» Supplied material:
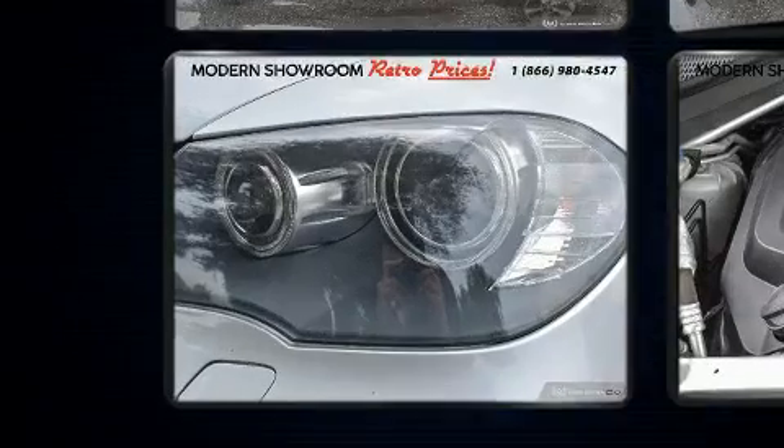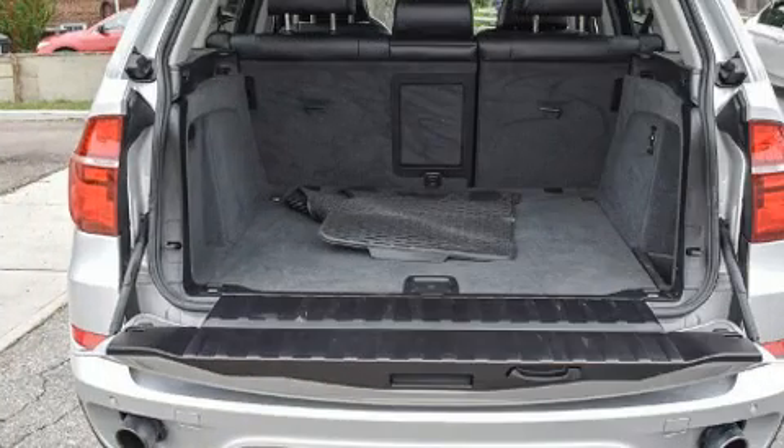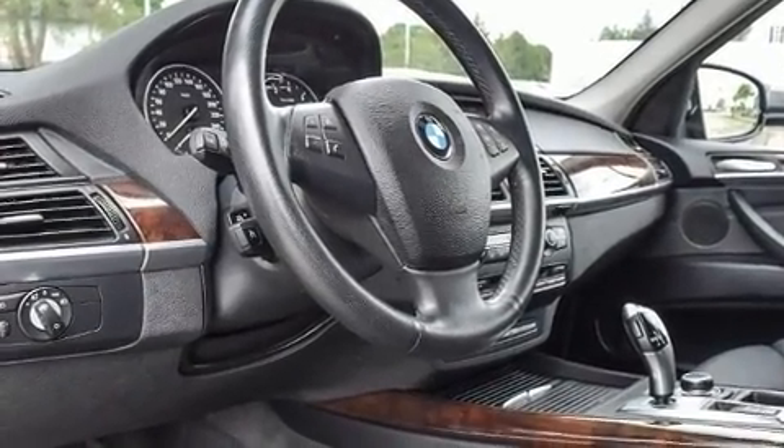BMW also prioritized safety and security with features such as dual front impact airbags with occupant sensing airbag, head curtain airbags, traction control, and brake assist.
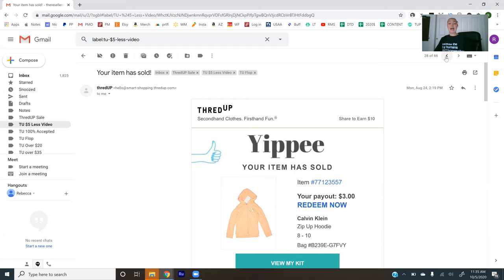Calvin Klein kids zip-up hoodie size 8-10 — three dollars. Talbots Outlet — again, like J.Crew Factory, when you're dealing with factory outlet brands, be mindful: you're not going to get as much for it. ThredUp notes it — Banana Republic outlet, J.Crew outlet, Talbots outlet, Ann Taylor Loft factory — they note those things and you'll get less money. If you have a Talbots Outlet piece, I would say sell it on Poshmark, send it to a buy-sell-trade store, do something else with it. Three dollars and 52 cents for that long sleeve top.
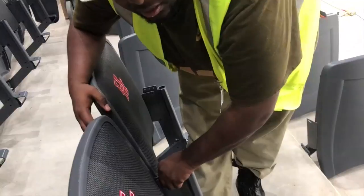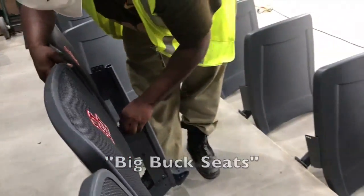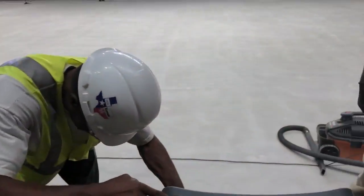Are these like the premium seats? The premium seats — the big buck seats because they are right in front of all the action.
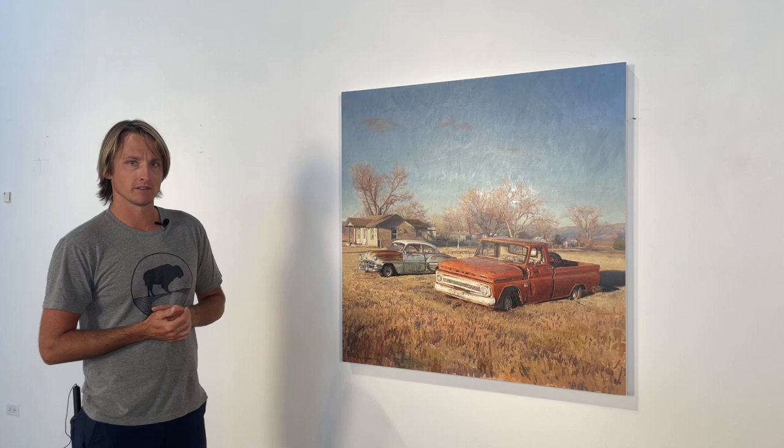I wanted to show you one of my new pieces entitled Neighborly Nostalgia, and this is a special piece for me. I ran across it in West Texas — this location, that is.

» What is expected:
Please reproduce each line of the listing above exactly, skipping pictures.

» Solution for this task:
BMW also prioritized safety and security with features such as dual front impact airbags with occupant sensing airbag, head curtain airbags, traction control, and brake assist.
Calvin Klein kids zip-up hoodie size 8-10 — three dollars. Talbots Outlet — again, like J.Crew Factory, when you're dealing with factory outlet brands, be mindful: you're not going to get as much for it. ThredUp notes it — Banana Republic outlet, J.Crew outlet, Talbots outlet, Ann Taylor Loft factory — they note those things and you'll get less money. If you have a Talbots Outlet piece, I would say sell it on Poshmark, send it to a buy-sell-trade store, do something else with it. Three dollars and 52 cents for that long sleeve top.
Are these like the premium seats? The premium seats — the big buck seats because they are right in front of all the action.
I wanted to show you one of my new pieces entitled Neighborly Nostalgia, and this is a special piece for me. I ran across it in West Texas — this location, that is.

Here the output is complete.